WHAT YOU ARE ASKED TO DO ::
What's wanted here is the full listing below, repeated exactly, with no images in it.

AVAILABLE DATA ::
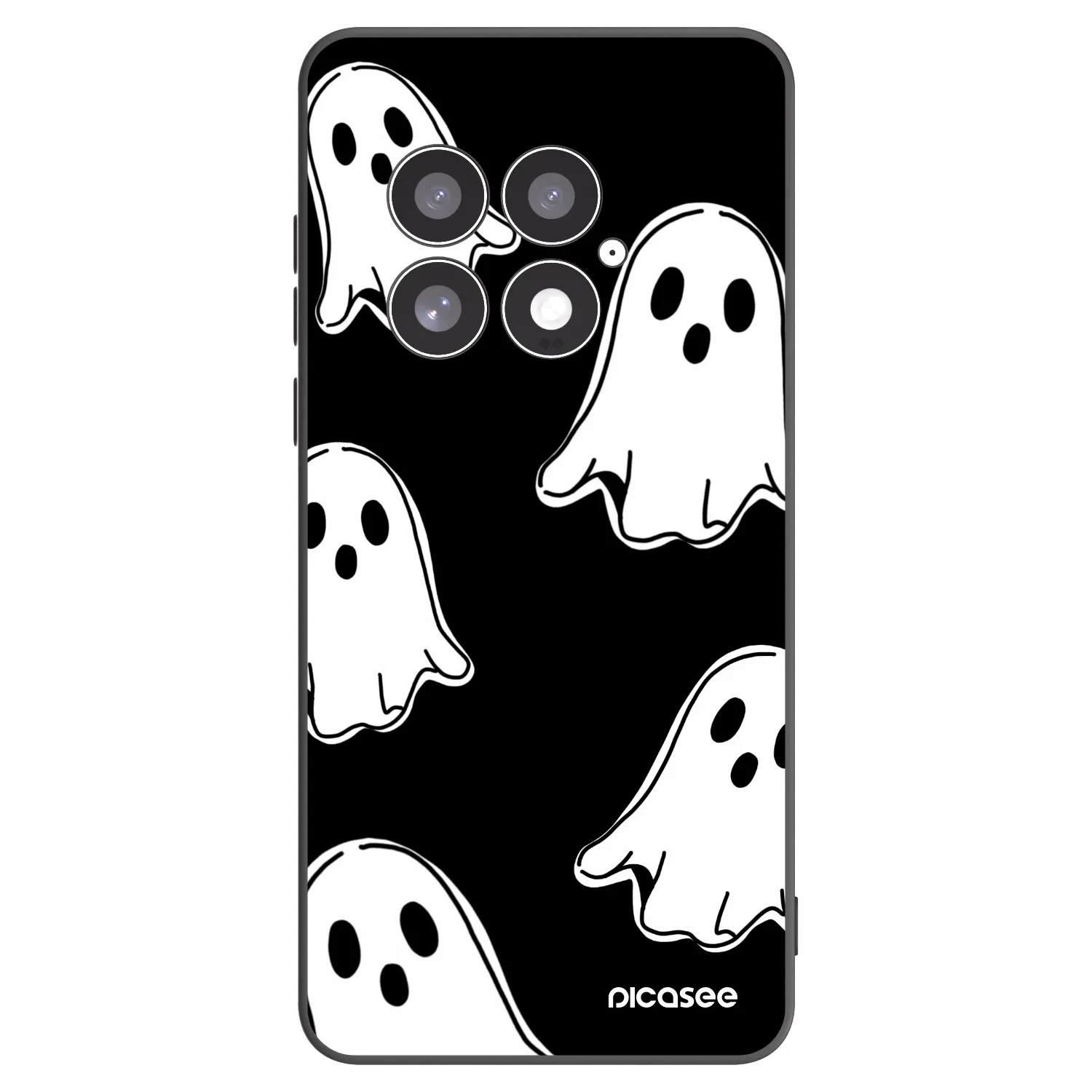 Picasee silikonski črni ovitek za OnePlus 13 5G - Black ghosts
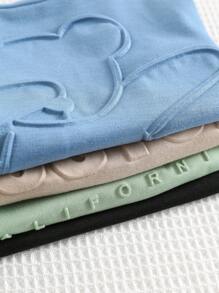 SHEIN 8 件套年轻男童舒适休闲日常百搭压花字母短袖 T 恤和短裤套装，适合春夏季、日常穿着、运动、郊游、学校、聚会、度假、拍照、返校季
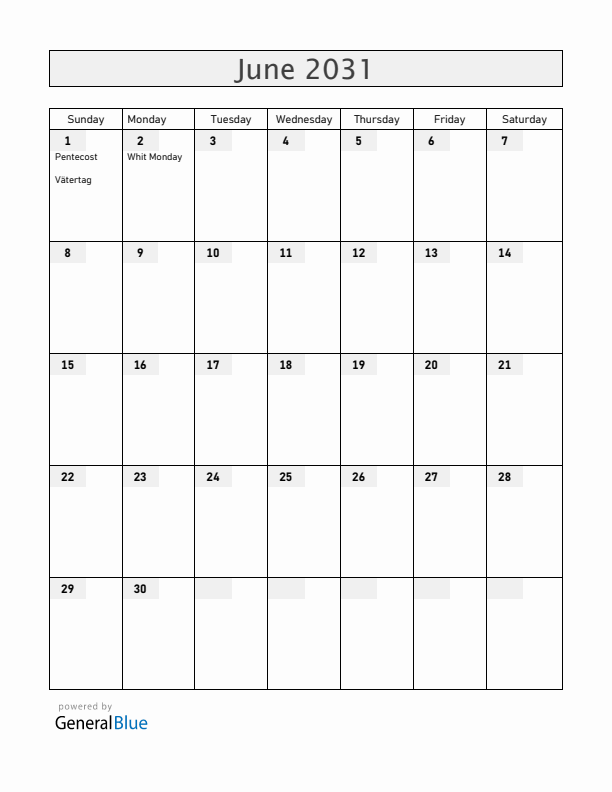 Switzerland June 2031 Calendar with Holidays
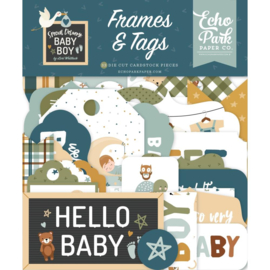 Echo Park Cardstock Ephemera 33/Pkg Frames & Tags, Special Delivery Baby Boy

EXERCISE RESPONSE ::
 Picasee silikonski črni ovitek za OnePlus 13 5G - Black ghosts
 SHEIN 8 件套年轻男童舒适休闲日常百搭压花字母短袖 T 恤和短裤套装，适合春夏季、日常穿着、运动、郊游、学校、聚会、度假、拍照、返校季
 Switzerland June 2031 Calendar with Holidays
 Echo Park Cardstock Ephemera 33/Pkg Frames & Tags, Special Delivery Baby Boy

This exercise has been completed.